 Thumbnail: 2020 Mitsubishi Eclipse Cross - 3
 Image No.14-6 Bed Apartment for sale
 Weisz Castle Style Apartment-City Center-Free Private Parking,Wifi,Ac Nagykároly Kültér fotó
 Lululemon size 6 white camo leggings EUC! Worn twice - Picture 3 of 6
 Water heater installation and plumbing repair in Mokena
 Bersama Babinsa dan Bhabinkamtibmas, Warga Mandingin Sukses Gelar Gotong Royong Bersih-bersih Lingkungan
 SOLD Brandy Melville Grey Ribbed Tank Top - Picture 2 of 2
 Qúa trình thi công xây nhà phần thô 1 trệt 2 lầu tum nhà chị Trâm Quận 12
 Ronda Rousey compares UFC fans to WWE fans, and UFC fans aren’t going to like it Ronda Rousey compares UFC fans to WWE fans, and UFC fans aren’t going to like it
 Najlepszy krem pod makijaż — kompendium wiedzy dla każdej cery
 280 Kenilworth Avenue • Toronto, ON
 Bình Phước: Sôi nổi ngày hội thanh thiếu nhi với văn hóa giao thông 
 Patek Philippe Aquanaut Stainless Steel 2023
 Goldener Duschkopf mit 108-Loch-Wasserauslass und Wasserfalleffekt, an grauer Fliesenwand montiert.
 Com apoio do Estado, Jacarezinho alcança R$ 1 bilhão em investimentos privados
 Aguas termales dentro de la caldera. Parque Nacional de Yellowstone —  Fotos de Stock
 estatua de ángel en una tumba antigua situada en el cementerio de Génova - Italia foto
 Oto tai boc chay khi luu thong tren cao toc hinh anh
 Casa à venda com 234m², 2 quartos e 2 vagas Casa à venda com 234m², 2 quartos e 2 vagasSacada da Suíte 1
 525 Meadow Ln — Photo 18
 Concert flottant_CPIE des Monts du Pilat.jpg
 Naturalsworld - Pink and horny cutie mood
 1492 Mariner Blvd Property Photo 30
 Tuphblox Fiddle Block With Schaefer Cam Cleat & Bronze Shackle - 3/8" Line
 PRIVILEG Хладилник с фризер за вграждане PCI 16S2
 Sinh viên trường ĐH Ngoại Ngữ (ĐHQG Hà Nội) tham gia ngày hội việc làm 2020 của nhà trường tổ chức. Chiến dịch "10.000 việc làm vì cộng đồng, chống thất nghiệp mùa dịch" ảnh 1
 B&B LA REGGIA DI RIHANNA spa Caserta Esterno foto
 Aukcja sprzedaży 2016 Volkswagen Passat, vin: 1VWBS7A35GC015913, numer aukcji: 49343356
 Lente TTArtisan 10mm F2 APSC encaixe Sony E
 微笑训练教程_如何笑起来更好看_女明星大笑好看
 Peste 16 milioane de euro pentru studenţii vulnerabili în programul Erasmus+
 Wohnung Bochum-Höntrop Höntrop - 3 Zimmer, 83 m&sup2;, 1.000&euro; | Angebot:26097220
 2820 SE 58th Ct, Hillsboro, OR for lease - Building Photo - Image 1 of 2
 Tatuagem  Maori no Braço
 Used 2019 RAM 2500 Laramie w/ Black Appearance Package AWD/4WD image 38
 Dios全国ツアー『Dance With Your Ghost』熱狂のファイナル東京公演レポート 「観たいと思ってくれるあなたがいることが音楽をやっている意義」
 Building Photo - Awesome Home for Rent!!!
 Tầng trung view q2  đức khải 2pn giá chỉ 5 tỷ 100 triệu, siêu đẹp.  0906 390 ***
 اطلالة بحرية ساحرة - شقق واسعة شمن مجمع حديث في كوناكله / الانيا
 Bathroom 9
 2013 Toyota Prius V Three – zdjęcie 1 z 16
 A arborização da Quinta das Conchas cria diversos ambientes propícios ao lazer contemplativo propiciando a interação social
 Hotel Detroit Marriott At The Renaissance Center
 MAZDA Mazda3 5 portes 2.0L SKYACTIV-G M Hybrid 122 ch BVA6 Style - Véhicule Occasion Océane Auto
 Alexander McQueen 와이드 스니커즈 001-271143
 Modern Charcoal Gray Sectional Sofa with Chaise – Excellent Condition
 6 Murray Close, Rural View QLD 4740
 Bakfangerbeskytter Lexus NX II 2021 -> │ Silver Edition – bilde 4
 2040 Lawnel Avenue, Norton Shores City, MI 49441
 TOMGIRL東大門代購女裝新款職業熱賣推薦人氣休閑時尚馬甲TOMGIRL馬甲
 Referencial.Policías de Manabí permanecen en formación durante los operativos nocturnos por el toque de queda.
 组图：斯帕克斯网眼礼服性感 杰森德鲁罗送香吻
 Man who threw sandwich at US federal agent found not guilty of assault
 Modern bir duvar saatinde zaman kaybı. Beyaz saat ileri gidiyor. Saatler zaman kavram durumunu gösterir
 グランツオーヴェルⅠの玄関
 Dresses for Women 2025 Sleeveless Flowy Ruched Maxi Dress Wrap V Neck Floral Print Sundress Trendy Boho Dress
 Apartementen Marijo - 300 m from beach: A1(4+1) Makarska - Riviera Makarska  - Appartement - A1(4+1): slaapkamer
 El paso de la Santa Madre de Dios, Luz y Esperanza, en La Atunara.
________________________________________
- Work required -
Write the material out again in full, leaving no line out.

- Task result -
 Thumbnail: 2020 Mitsubishi Eclipse Cross - 3
 Image No.14-6 Bed Apartment for sale
 Weisz Castle Style Apartment-City Center-Free Private Parking,Wifi,Ac Nagykároly Kültér fotó
 Lululemon size 6 white camo leggings EUC! Worn twice - Picture 3 of 6
 Water heater installation and plumbing repair in Mokena
 Bersama Babinsa dan Bhabinkamtibmas, Warga Mandingin Sukses Gelar Gotong Royong Bersih-bersih Lingkungan
 SOLD Brandy Melville Grey Ribbed Tank Top - Picture 2 of 2
 Qúa trình thi công xây nhà phần thô 1 trệt 2 lầu tum nhà chị Trâm Quận 12
 Ronda Rousey compares UFC fans to WWE fans, and UFC fans aren’t going to like it Ronda Rousey compares UFC fans to WWE fans, and UFC fans aren’t going to like it
 Najlepszy krem pod makijaż — kompendium wiedzy dla każdej cery
 280 Kenilworth Avenue • Toronto, ON
 Bình Phước: Sôi nổi ngày hội thanh thiếu nhi với văn hóa giao thông 
 Patek Philippe Aquanaut Stainless Steel 2023
 Goldener Duschkopf mit 108-Loch-Wasserauslass und Wasserfalleffekt, an grauer Fliesenwand montiert.
 Com apoio do Estado, Jacarezinho alcança R$ 1 bilhão em investimentos privados
 Aguas termales dentro de la caldera. Parque Nacional de Yellowstone —  Fotos de Stock
 estatua de ángel en una tumba antigua situada en el cementerio de Génova - Italia foto
 Oto tai boc chay khi luu thong tren cao toc hinh anh
 Casa à venda com 234m², 2 quartos e 2 vagas Casa à venda com 234m², 2 quartos e 2 vagasSacada da Suíte 1
 525 Meadow Ln — Photo 18
 Concert flottant_CPIE des Monts du Pilat.jpg
 Naturalsworld - Pink and horny cutie mood
 1492 Mariner Blvd Property Photo 30
 Tuphblox Fiddle Block With Schaefer Cam Cleat & Bronze Shackle - 3/8" Line
 PRIVILEG Хладилник с фризер за вграждане PCI 16S2
 Sinh viên trường ĐH Ngoại Ngữ (ĐHQG Hà Nội) tham gia ngày hội việc làm 2020 của nhà trường tổ chức. Chiến dịch "10.000 việc làm vì cộng đồng, chống thất nghiệp mùa dịch" ảnh 1
 B&B LA REGGIA DI RIHANNA spa Caserta Esterno foto
 Aukcja sprzedaży 2016 Volkswagen Passat, vin: 1VWBS7A35GC015913, numer aukcji: 49343356
 Lente TTArtisan 10mm F2 APSC encaixe Sony E
 微笑训练教程_如何笑起来更好看_女明星大笑好看
 Peste 16 milioane de euro pentru studenţii vulnerabili în programul Erasmus+
 Wohnung Bochum-Höntrop Höntrop - 3 Zimmer, 83 m&sup2;, 1.000&euro; | Angebot:26097220
 2820 SE 58th Ct, Hillsboro, OR for lease - Building Photo - Image 1 of 2
 Tatuagem  Maori no Braço
 Used 2019 RAM 2500 Laramie w/ Black Appearance Package AWD/4WD image 38
 Dios全国ツアー『Dance With Your Ghost』熱狂のファイナル東京公演レポート 「観たいと思ってくれるあなたがいることが音楽をやっている意義」
 Building Photo - Awesome Home for Rent!!!
 Tầng trung view q2  đức khải 2pn giá chỉ 5 tỷ 100 triệu, siêu đẹp.  0906 390 ***
 اطلالة بحرية ساحرة - شقق واسعة شمن مجمع حديث في كوناكله / الانيا
 Bathroom 9
 2013 Toyota Prius V Three – zdjęcie 1 z 16
 A arborização da Quinta das Conchas cria diversos ambientes propícios ao lazer contemplativo propiciando a interação social
 Hotel Detroit Marriott At The Renaissance Center
 MAZDA Mazda3 5 portes 2.0L SKYACTIV-G M Hybrid 122 ch BVA6 Style - Véhicule Occasion Océane Auto
 Alexander McQueen 와이드 스니커즈 001-271143
 Modern Charcoal Gray Sectional Sofa with Chaise – Excellent Condition
 6 Murray Close, Rural View QLD 4740
 Bakfangerbeskytter Lexus NX II 2021 -> │ Silver Edition – bilde 4
 2040 Lawnel Avenue, Norton Shores City, MI 49441
 TOMGIRL東大門代購女裝新款職業熱賣推薦人氣休閑時尚馬甲TOMGIRL馬甲
 Referencial.Policías de Manabí permanecen en formación durante los operativos nocturnos por el toque de queda.
 组图：斯帕克斯网眼礼服性感 杰森德鲁罗送香吻
 Man who threw sandwich at US federal agent found not guilty of assault
 Modern bir duvar saatinde zaman kaybı. Beyaz saat ileri gidiyor. Saatler zaman kavram durumunu gösterir
 グランツオーヴェルⅠの玄関
 Dresses for Women 2025 Sleeveless Flowy Ruched Maxi Dress Wrap V Neck Floral Print Sundress Trendy Boho Dress
 Apartementen Marijo - 300 m from beach: A1(4+1) Makarska - Riviera Makarska  - Appartement - A1(4+1): slaapkamer
 El paso de la Santa Madre de Dios, Luz y Esperanza, en La Atunara.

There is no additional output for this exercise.